More than two months after Pennsylvania’s May 17 primary election, the Department of State still has not certified the election results. It’s an administrative failure that undermines confidence in the state’s election system, according to Republican state Rep. Seth Grove, chairman of the State Government Committee.
That is one of numerous examples Grove described at the state capital building in Harrisburg during a July 19 press conference in which he released a 186-page report with the long title, “Election Reform in Pennsylvania: Missed Opportunities and Continued Chaos-an Interim Report on The Status of Elections in the Commonwealth of Pennsylvania After the Veto of House Bill 1300.”
Grove is still advocating for something like HB 1300, which Gov. Tom Wolf vetoed in June 2021. It was a package of election reforms that called for voter identification and provided for early in-person voting; moved the voter registration deadline back from 15 days to 30 days before the election; established a state bureau of election audits; allowed for pre-canvassing of mailed ballots; and would have made it easier for older and disabled voters by moving them to the front of the line or providing curbside voting so they could remain in their car.
The bill also introduced stiffer fines and longer possible prison terms for election tampering.
But Wolf didn’t go for it.
“This bill is ultimately not about improving access to voting or election security, but about restricting the freedom to vote,” Wolf said in a statement about the veto. “If adopted it would threaten to disrupt election administration, undermine faith in government, and invite costly, time-consuming, and destabilizing litigation.”
It didn’t seem like Wolf read the bill, Grove said in his report.
“Unfortunately, Gov. Wolf vetoed the bill despite seeming largely unfamiliar with the contents. By vetoing the legislation, he made himself the sole obstacle to historic reform that would have improved nearly every aspect of election administration in Pennsylvania. Most importantly, it would have allowed the General Assembly to live up to our constitutional requirement for uniformity and fairness in elections and prevent any reoccurrence of the national attention our current, broken process received during and after the November 2020 Election.”
Incidents from the Report
The report details troubles in the state’s elections that have happened since 2020. The following incidents are a sampling of those described in more detail in the report:
In 2021, a Luzerne County man admitted to using his deceased mother’s information to apply for an absentee ballot.
During the May 2021 primary, some counties faced a shortage of paper ballots at polling places on election day, in part due to higher than expected in-person voting. Shortages happened in Clearfield, Delaware, Lebanon, and York counties, and possibly others.
In Fayette County during the same election, an issue with barcodes meant ballots were not scanning or being recorded. Affected ballots were set aside and counted by hand when polls closed.
Also in the May 2021 primary, nine Snyder County voters received the wrong ballots, and Erie County voters left two polling sites with their marked ballots.
During the November 2021 general election, during the preelection process, Berks County’s Spanish-language ballot instructions included the incorrect date for the election, affecting 17,000 mail-in ballots.
In the same election, the Lehigh County Board of Elections decided to count undated ballots.
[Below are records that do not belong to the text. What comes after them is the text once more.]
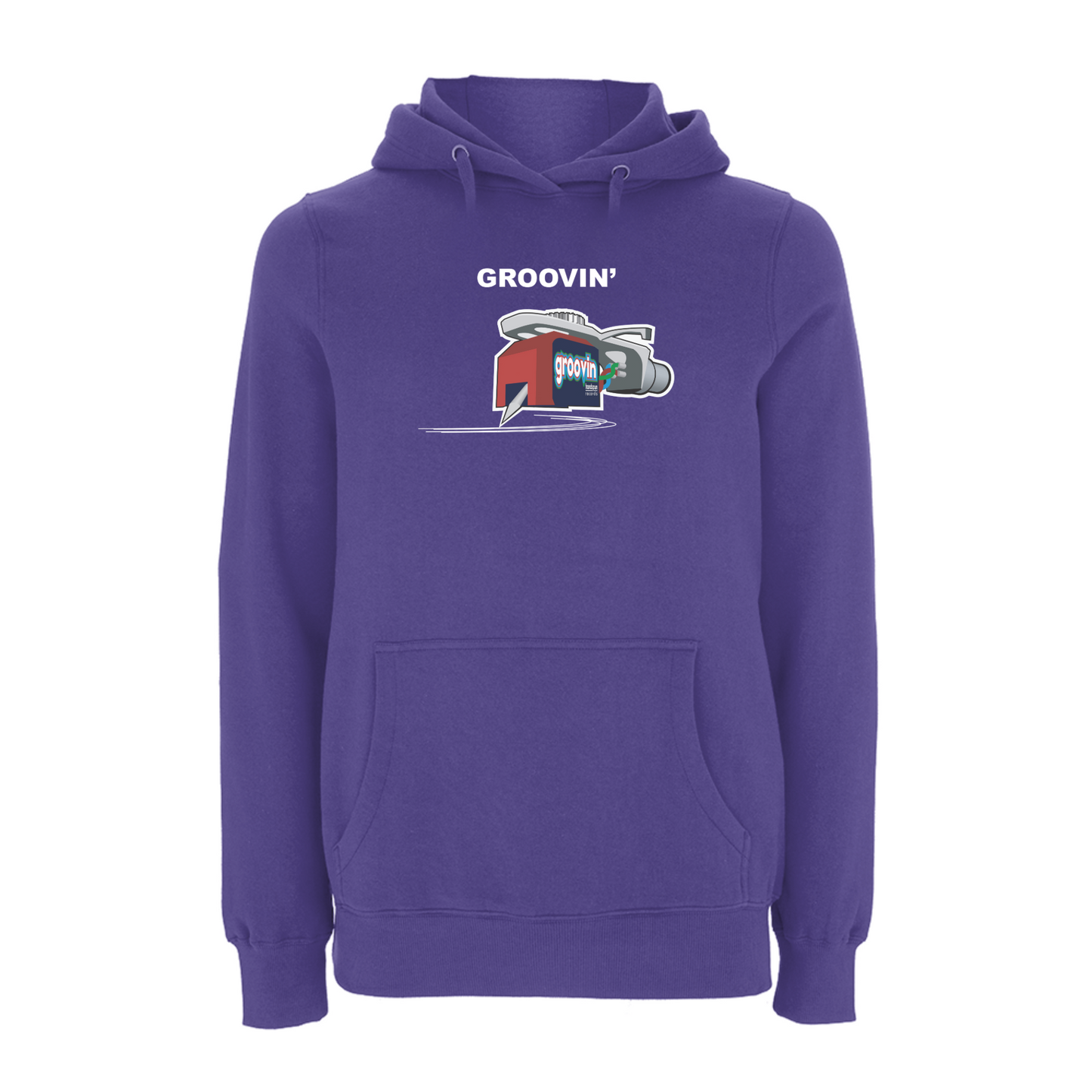 HANDSPUN RECORDS - GROOVIN Hoodie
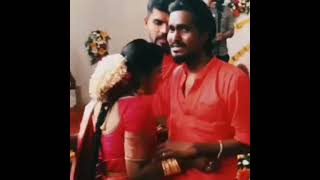 kunjus marriage video💓happy anniversary dears🥰#mallu family#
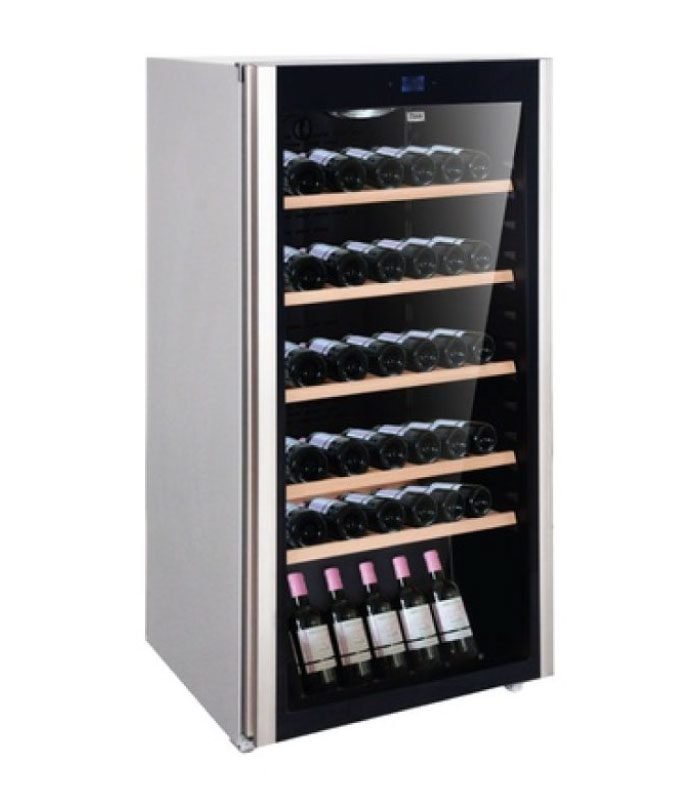 Mika Wine Chiller, 72 Bottles MWC72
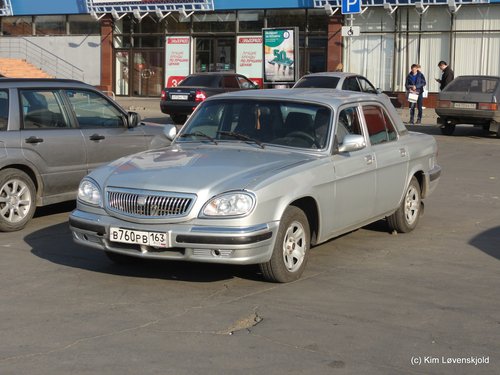 Volga 3110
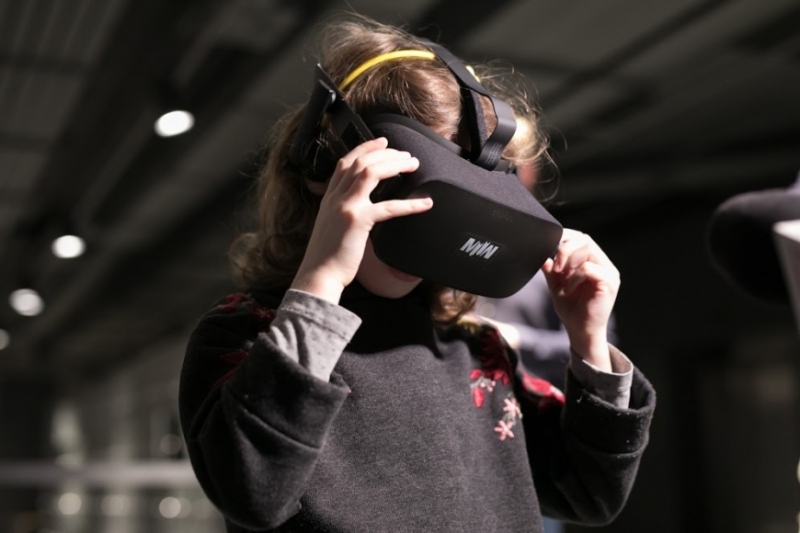 Dzień Dziecka w Muzeum II Wojny Światowej w Gdańsku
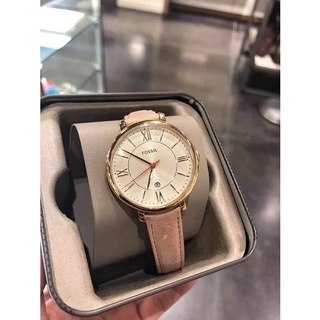 Đồng hồ nữ fossil jacqueline es3487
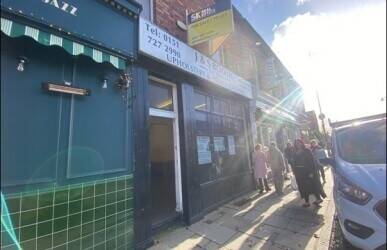 POTENTIAL BAR/RESTAURANT OPPORTUNITY POTENTIAL BAR/RESTAURANT OPPORTUNITY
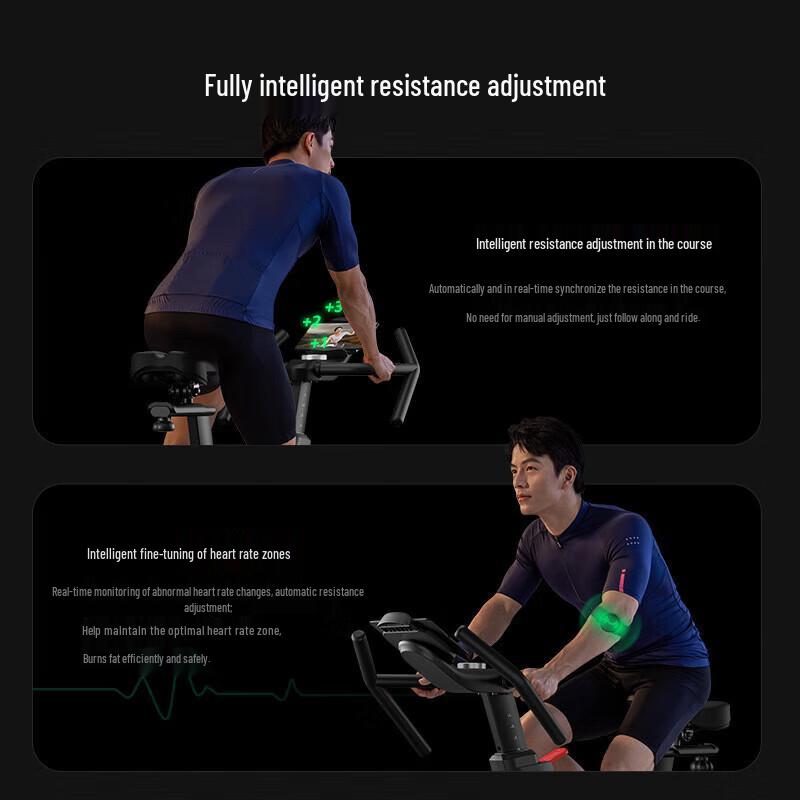 Merach Jueying ONE 2024 Smart Spin Bike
In response, members of the House Republican Caucus issued a letter threatening impeachment unless the law was followed. The matter resulted in litigation in federal courts, with the 3rd Circuit Court of Appeals ordering the undated ballots be counted.
That was not the last of ballot issues.
Another case in federal district court challenged the practice of disqualifying ballots lacking a secrecy envelope. The case is not yet resolved.
And recently, the Department of State filed suit against the Berks, Lancaster, and Fayette county boards of elections over certification disputes arising from the 2022 primary election. At issue is the treatment of ballots lacking a date. These counties certified results excluding such ballots, as required by Pennsylvania law.